== TASK REQUIREMENTS ==
The answer must be an exact copy of the lines from the top of the listing below through the line with "China rescuers drill", with no pictures.

== THE DATA ==
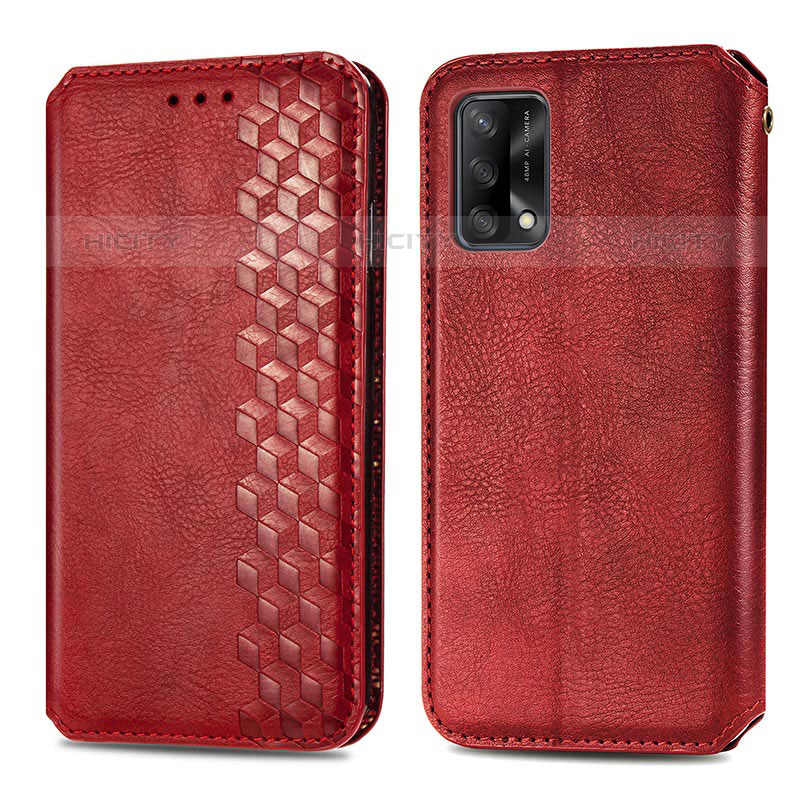 Funda de Cuero Cartera con Soporte Carcasa S01D para Oppo Reno6 Lite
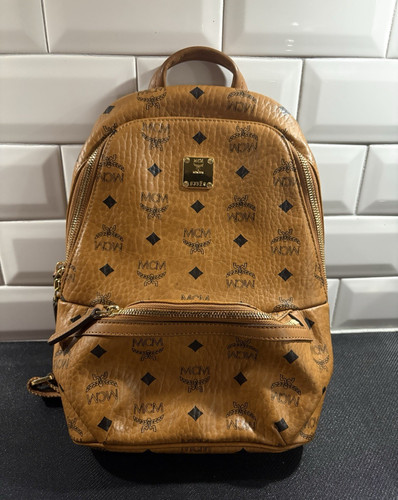 Mcm brown monogram backpack - brown,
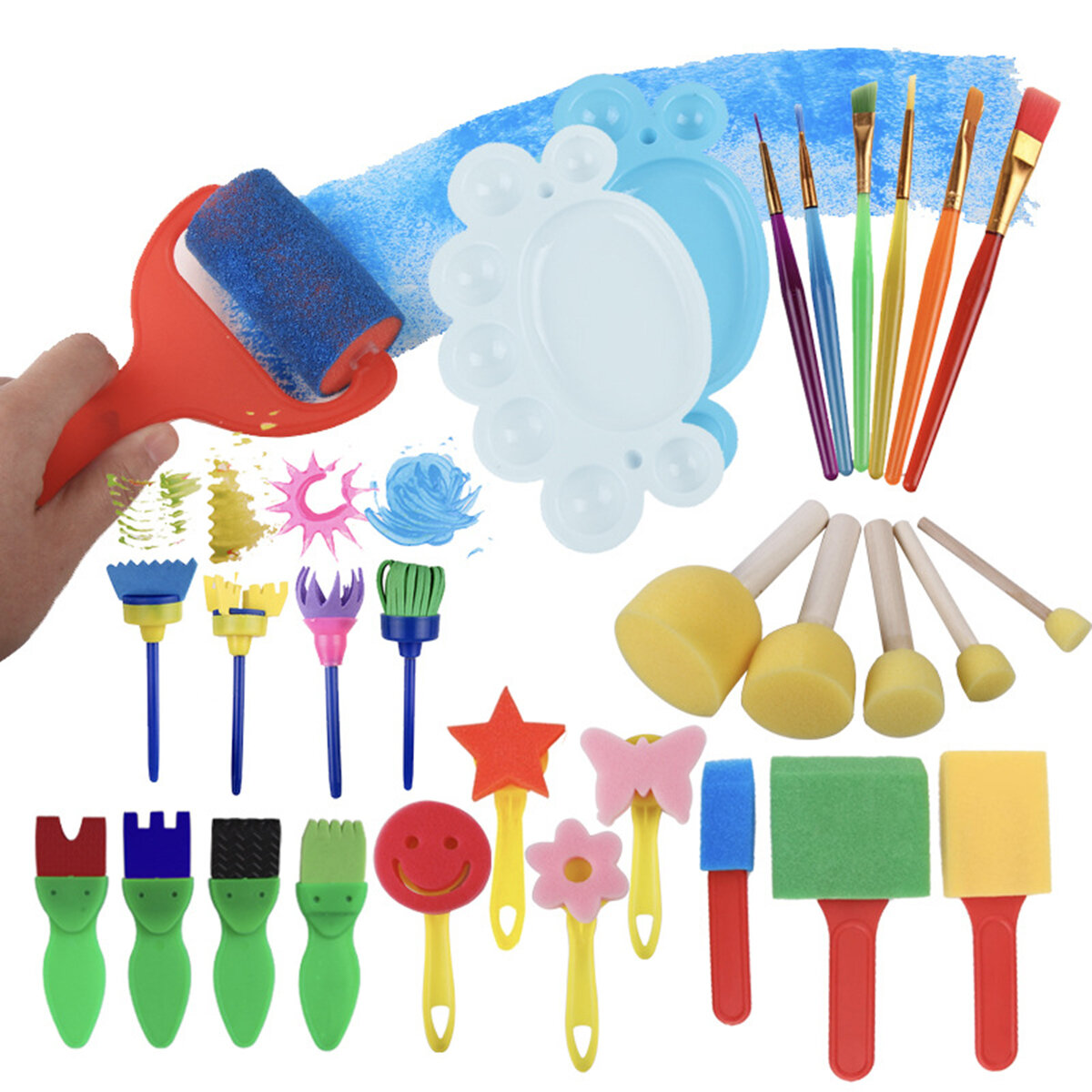 Drawing Funny Creative Toys DIY Graffiti Art Supplies Brushes Seal Painting Tool Montessori Rubber S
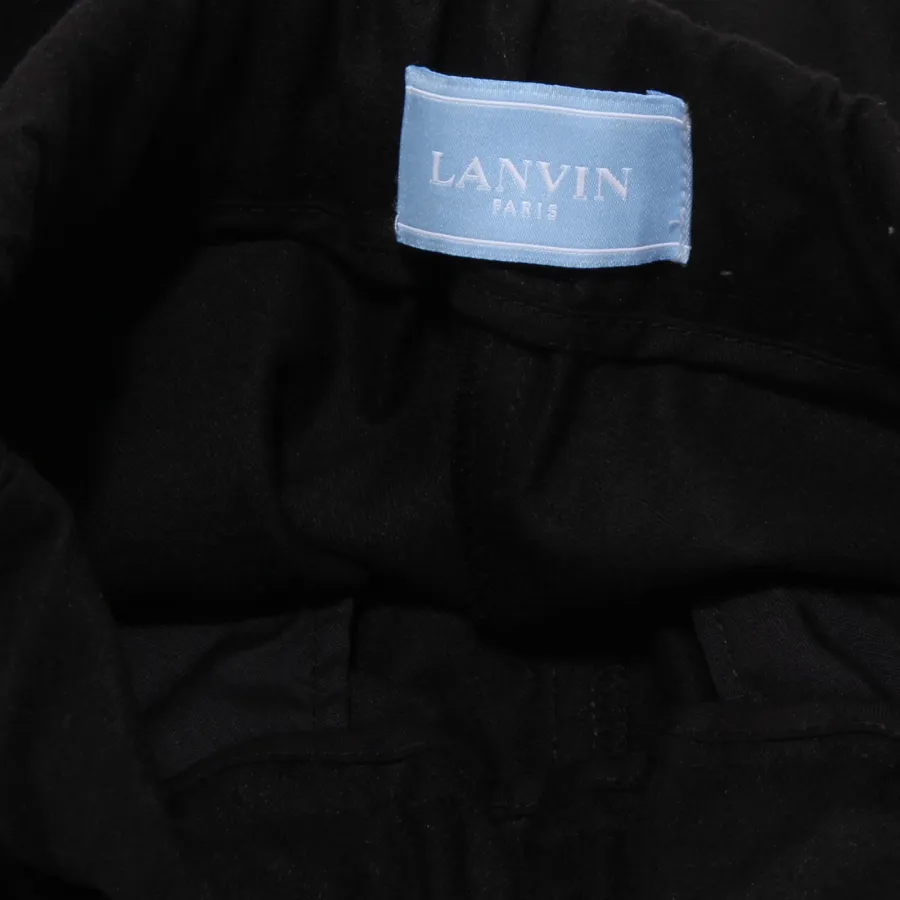 4812W pantalone tuta bimba LANVIN girl black sweatpant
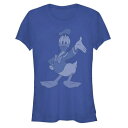 キャラクター 青色 ブルー スタンス グラフィック Tシャツ 【 LICENSED CHARACTER DISNEY DONALD DUCK BLUE HUE STANCE PORTRAIT GRAPHIC TEE / ROYAL 】 キッズ ベビー マタニティ トップス カットソー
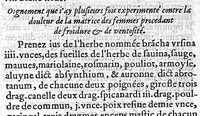 An illustration from Recueil de plusieurs secretz tres utiles, tant pour l’ornement que la santé corps humain, tirez des plus excellens auteurs, tant grecz que latins. Auquel avons adiousté un traicté des destillations... Nouvellement traduict d'Italien en François par S. E. S .X. (1561)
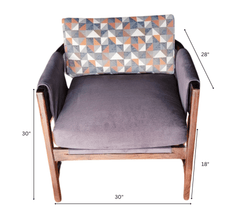 Gharaana Armchairs Kram Plush Armchair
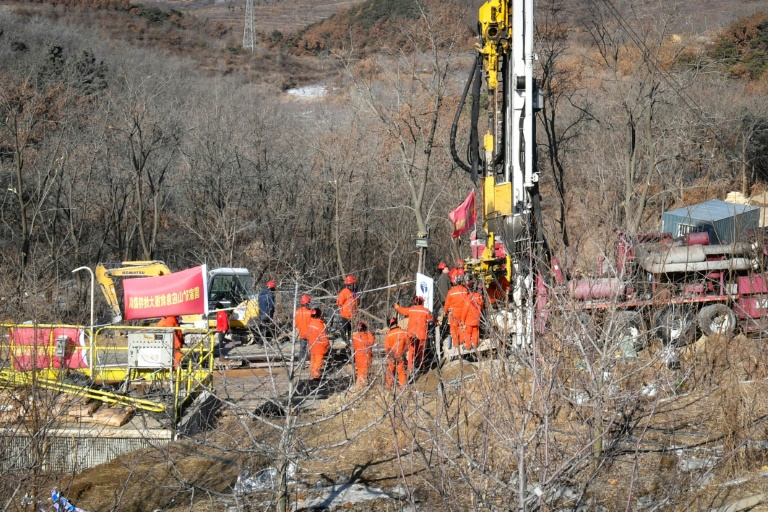 China rescuers drill new ‘lifelines’ to trapped gold miners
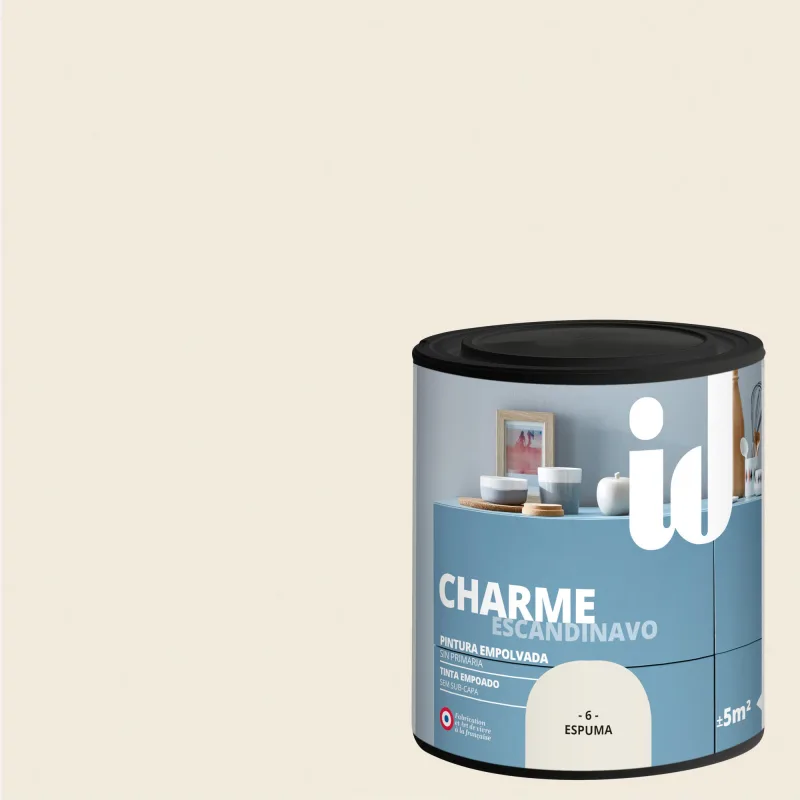 Pintura mueble y objeto id 0.5 l beige multisoporte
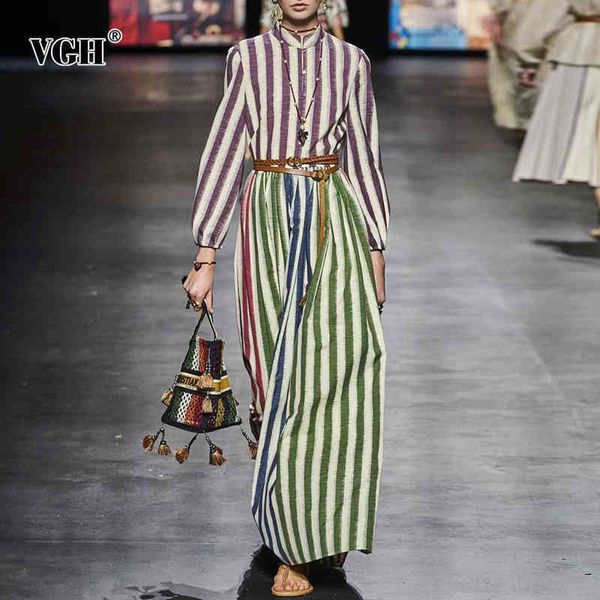 hit color elegant dress for women stand collar long sleeve high waist sashes striped midi dresses female fashion 210507, Black;gray
hit color elegant dress for women stand collar long sleeve high waist sashes striped midi dresses female fashion 210507, Black;gray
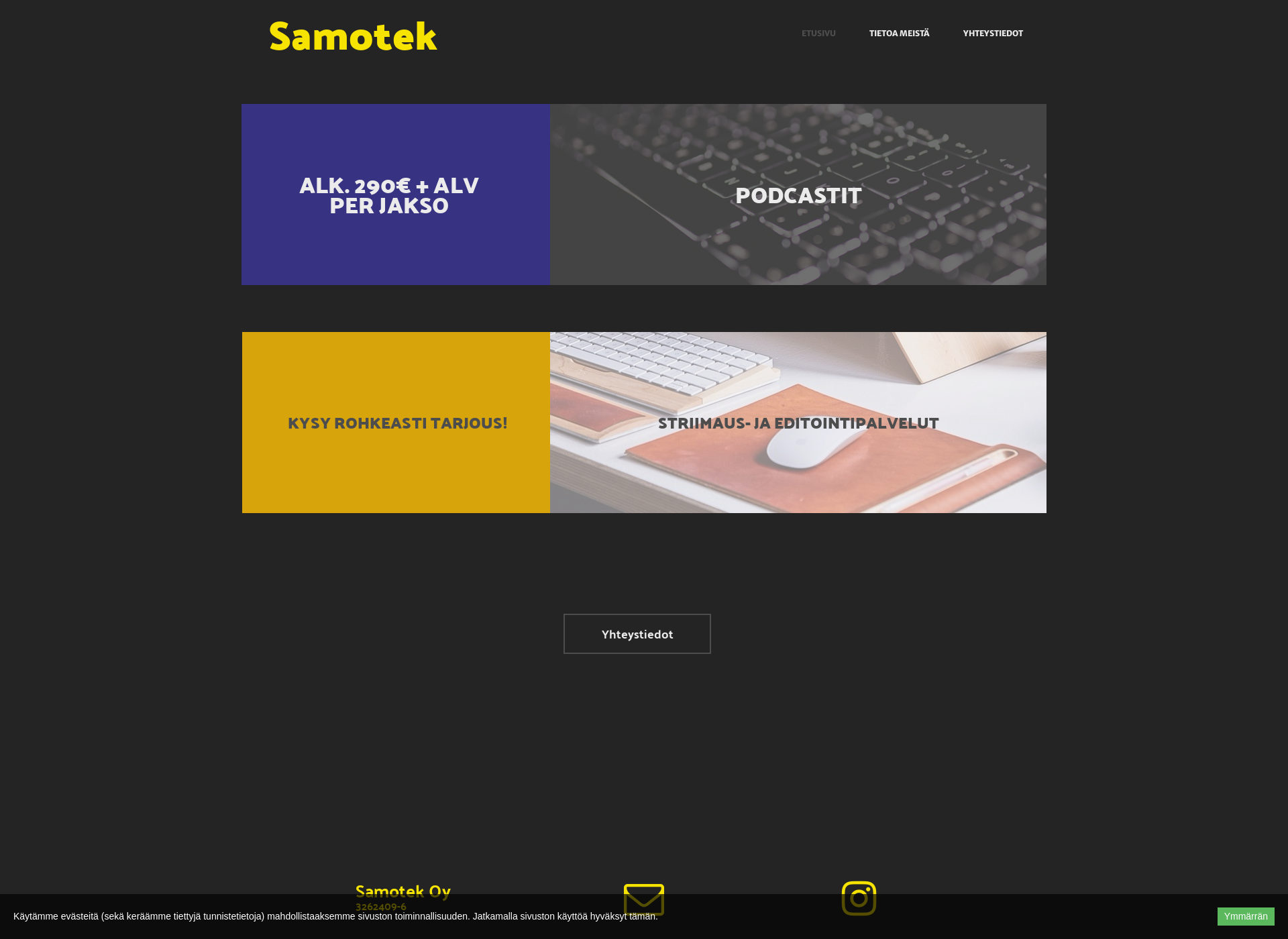 Screenshot for samotek.fi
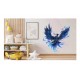 Sticker decorativ, Pasarea Phoenix, Albastru, 63 cm, 1323STK-1 Sticker decorativ, Pasarea Phoenix, Albastru, 63 cm, 1323STK-1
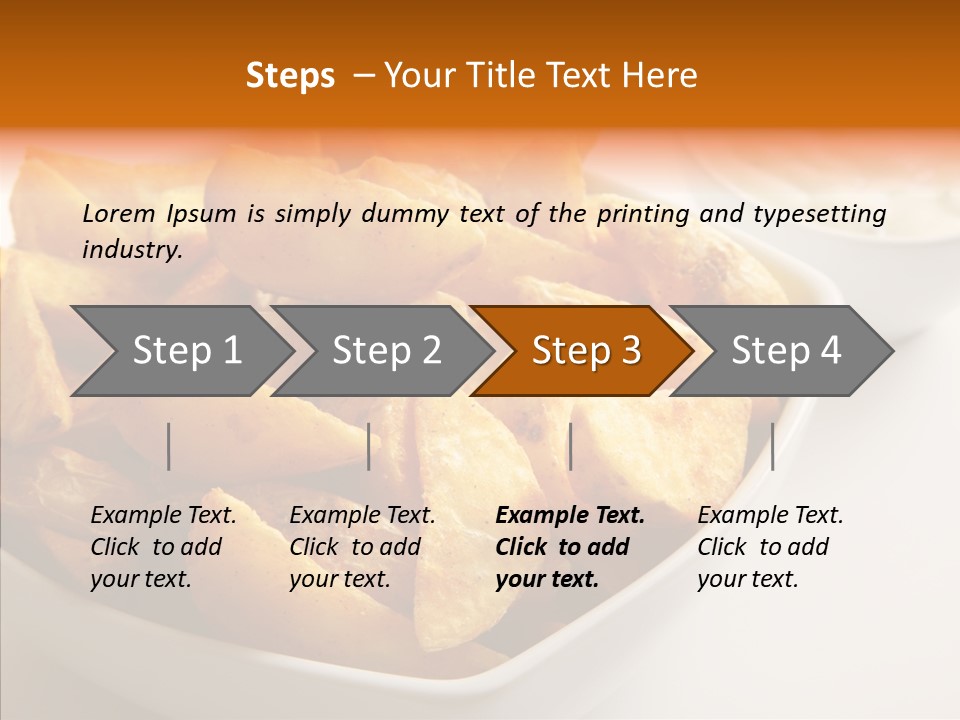 Creamy Unhealthy Carbohydrate PowerPoint Template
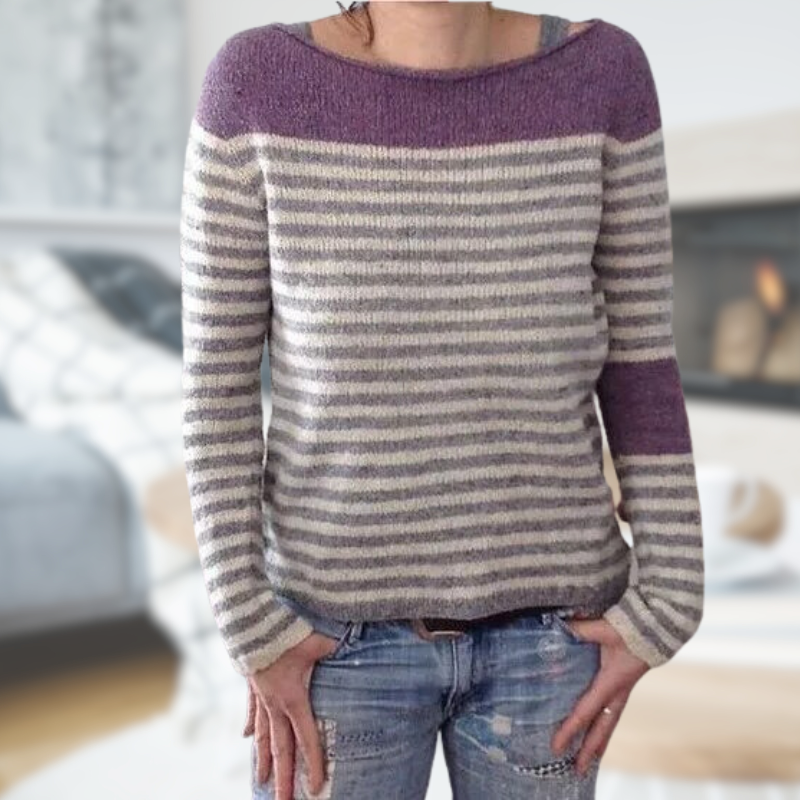 Zelmira | Modischer und minimalistischer allgemeiner Pullover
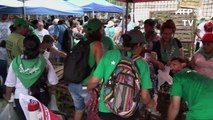 Protesta de productores en Argentina: entregan verduras gratis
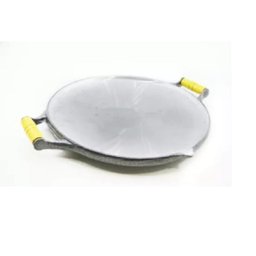 Chapa Bifeira Bifeteira Badejo Petiscos Com Alça De Madeira - 1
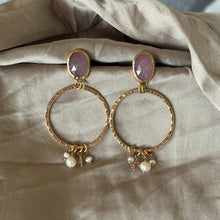 Load image into Gallery viewer, Empress Earrings | Pink Sapphire &amp; Gold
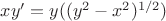 $xy'=y((y^{2}-x^{2})^{1/2})$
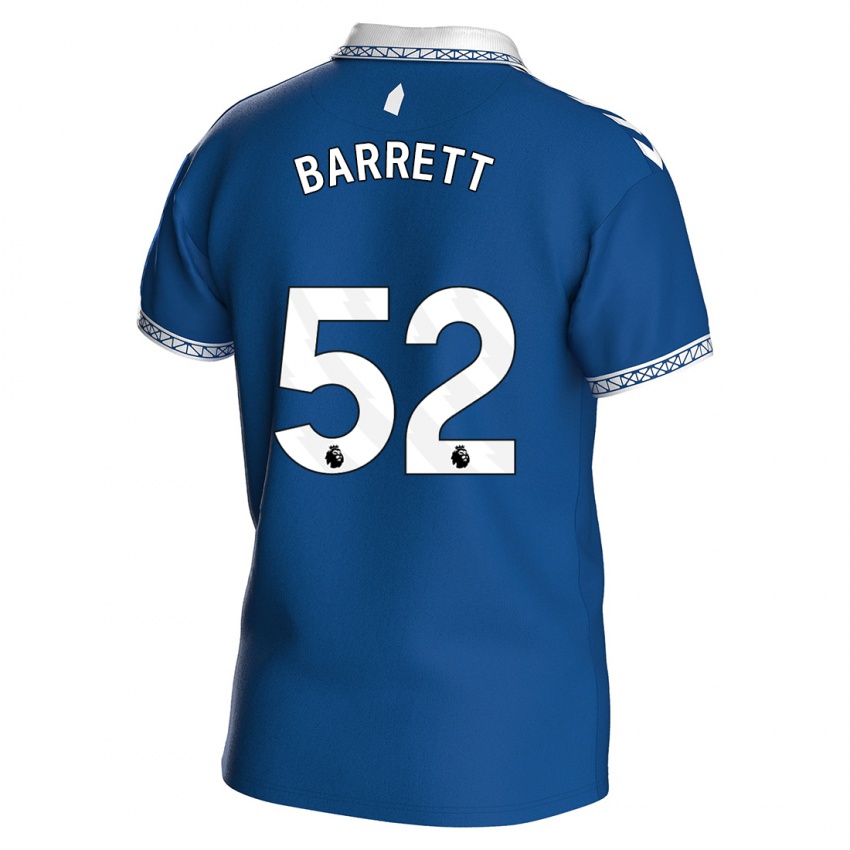 Homem Camisola Jack Barrett #52 Azul Real Principal 2023/24 Camisa Brasil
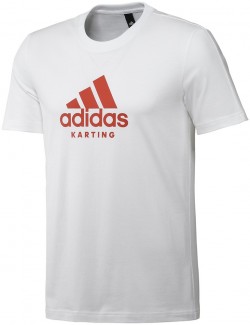 Adidas tee-shirt karting red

== RESPONSE TO THE EXERCISE ==
 Funda de Cuero Cartera con Soporte Carcasa S01D para Oppo Reno6 Lite
 Mcm brown monogram backpack - brown,
 Drawing Funny Creative Toys DIY Graffiti Art Supplies Brushes Seal Painting Tool Montessori Rubber S
 4812W pantalone tuta bimba LANVIN girl black sweatpant
 キャラクター 青色 ブルー スタンス グラフィック Tシャツ 【 LICENSED CHARACTER DISNEY DONALD DUCK BLUE HUE STANCE PORTRAIT GRAPHIC TEE / ROYAL 】 キッズ ベビー マタニティ トップス カットソー
 An illustration from Recueil de plusieurs secretz tres utiles, tant pour l’ornement que la santé corps humain, tirez des plus excellens auteurs, tant grecz que latins. Auquel avons adiousté un traicté des destillations... Nouvellement traduict d'Italien en François par S. E. S .X. (1561)
 Gharaana Armchairs Kram Plush Armchair
 China rescuers drill new ‘lifelines’ to trapped gold miners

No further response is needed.